Task to complete:
Your copy should hold every record verbatim and none of the pictures.

Provided data:
▼

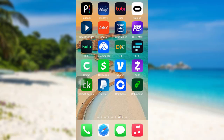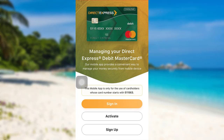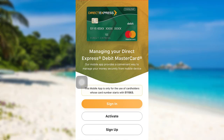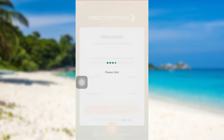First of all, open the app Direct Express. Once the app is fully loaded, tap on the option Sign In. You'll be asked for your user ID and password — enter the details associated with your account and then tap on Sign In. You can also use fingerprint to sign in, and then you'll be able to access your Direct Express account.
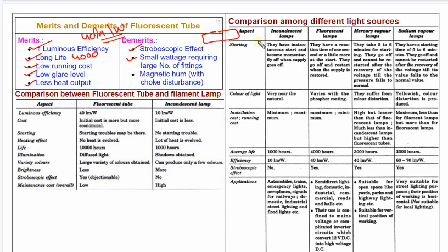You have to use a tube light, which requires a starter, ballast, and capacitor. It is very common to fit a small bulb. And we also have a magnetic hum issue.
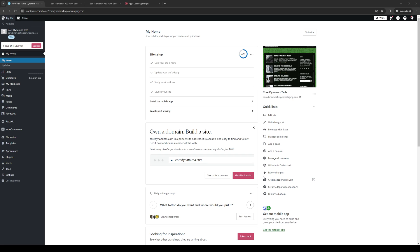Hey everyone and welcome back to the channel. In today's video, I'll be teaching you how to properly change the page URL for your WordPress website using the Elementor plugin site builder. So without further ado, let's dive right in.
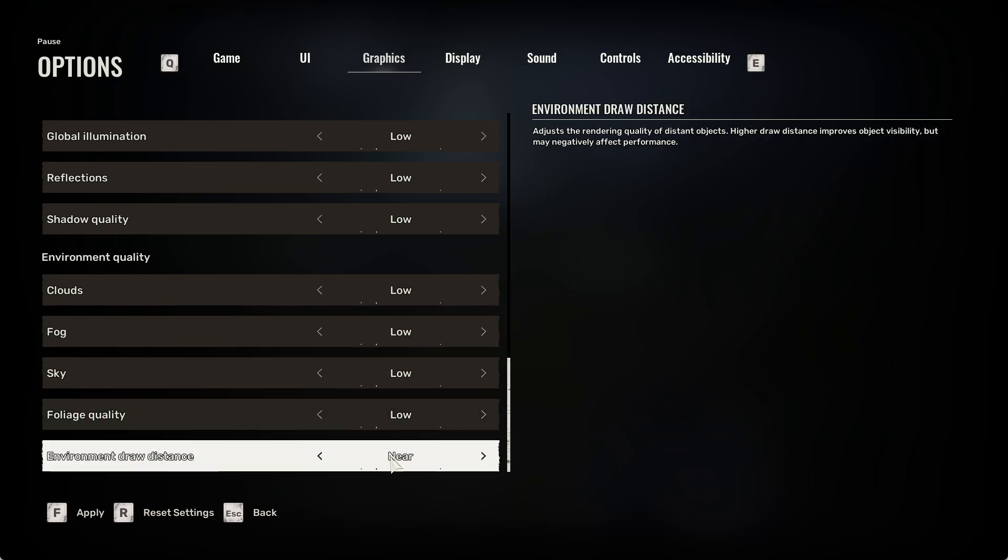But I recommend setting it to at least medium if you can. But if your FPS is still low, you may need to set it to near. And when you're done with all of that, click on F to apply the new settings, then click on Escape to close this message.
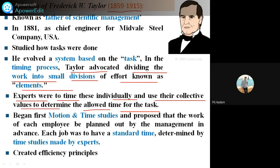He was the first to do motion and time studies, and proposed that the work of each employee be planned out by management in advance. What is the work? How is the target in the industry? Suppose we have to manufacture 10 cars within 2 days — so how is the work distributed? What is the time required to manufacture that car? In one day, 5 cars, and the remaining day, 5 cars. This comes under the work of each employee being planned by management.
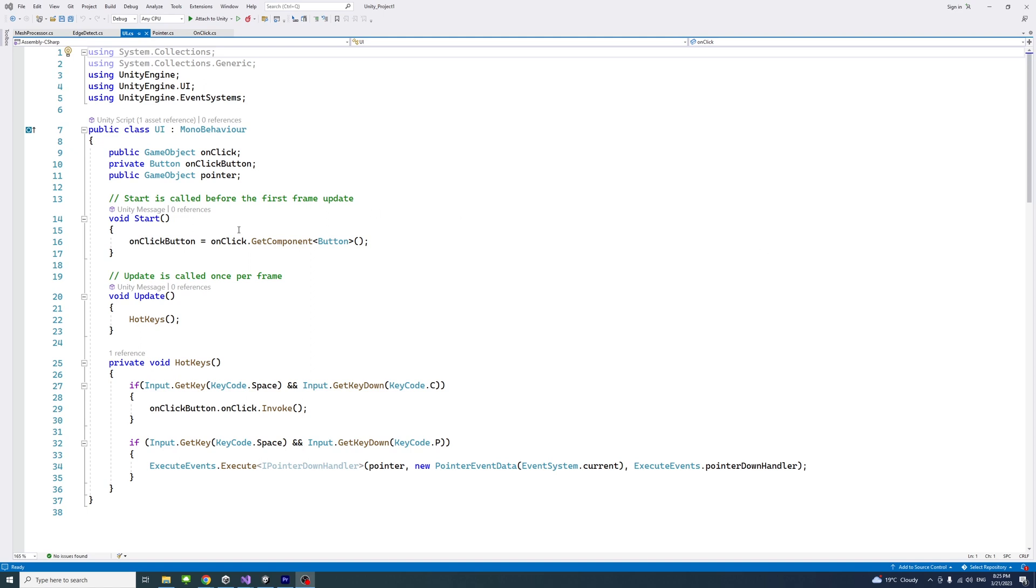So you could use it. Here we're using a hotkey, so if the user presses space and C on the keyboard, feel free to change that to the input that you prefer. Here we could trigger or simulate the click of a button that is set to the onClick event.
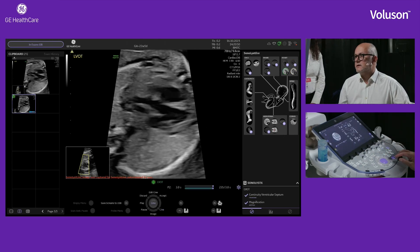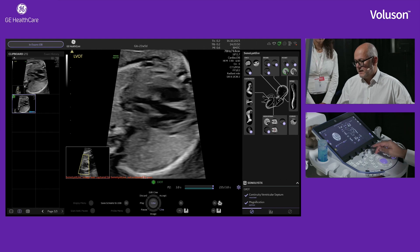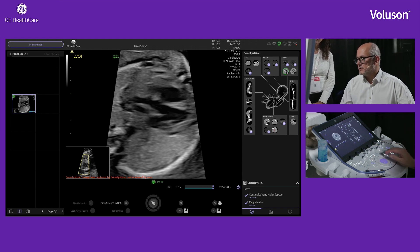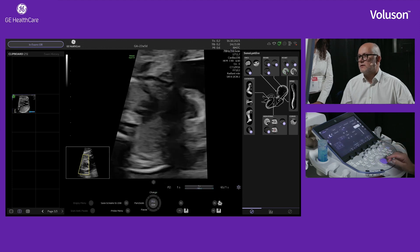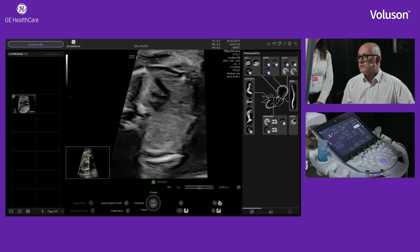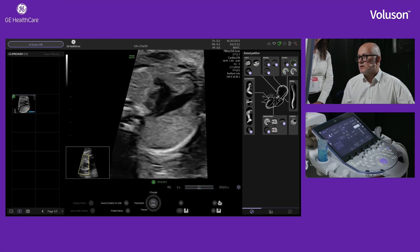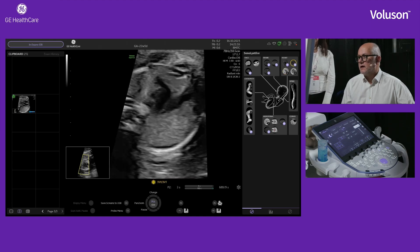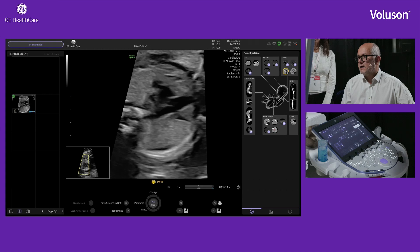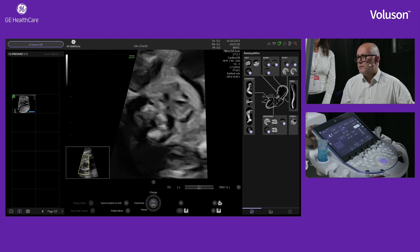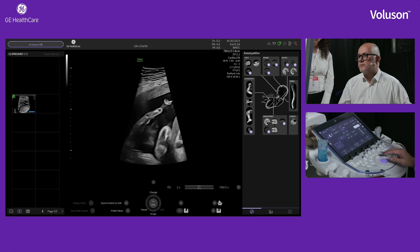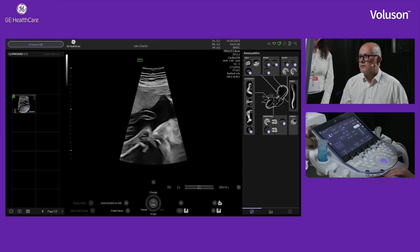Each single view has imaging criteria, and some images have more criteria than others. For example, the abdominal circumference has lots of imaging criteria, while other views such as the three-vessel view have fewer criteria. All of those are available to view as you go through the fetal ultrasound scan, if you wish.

▲

Result:
First of all, open the app Direct Express. Once the app is fully loaded, tap on the option Sign In. You'll be asked for your user ID and password — enter the details associated with your account and then tap on Sign In. You can also use fingerprint to sign in, and then you'll be able to access your Direct Express account.
You have to use a tube light, which requires a starter, ballast, and capacitor. It is very common to fit a small bulb. And we also have a magnetic hum issue.
Hey everyone and welcome back to the channel. In today's video, I'll be teaching you how to properly change the page URL for your WordPress website using the Elementor plugin site builder. So without further ado, let's dive right in.
But I recommend setting it to at least medium if you can. But if your FPS is still low, you may need to set it to near. And when you're done with all of that, click on F to apply the new settings, then click on Escape to close this message.
He was the first to do motion and time studies, and proposed that the work of each employee be planned out by management in advance. What is the work? How is the target in the industry? Suppose we have to manufacture 10 cars within 2 days — so how is the work distributed? What is the time required to manufacture that car? In one day, 5 cars, and the remaining day, 5 cars. This comes under the work of each employee being planned by management.
So you could use it. Here we're using a hotkey, so if the user presses space and C on the keyboard, feel free to change that to the input that you prefer. Here we could trigger or simulate the click of a button that is set to the onClick event.
Each single view has imaging criteria, and some images have more criteria than others. For example, the abdominal circumference has lots of imaging criteria, while other views such as the three-vessel view have fewer criteria. All of those are available to view as you go through the fetal ultrasound scan, if you wish.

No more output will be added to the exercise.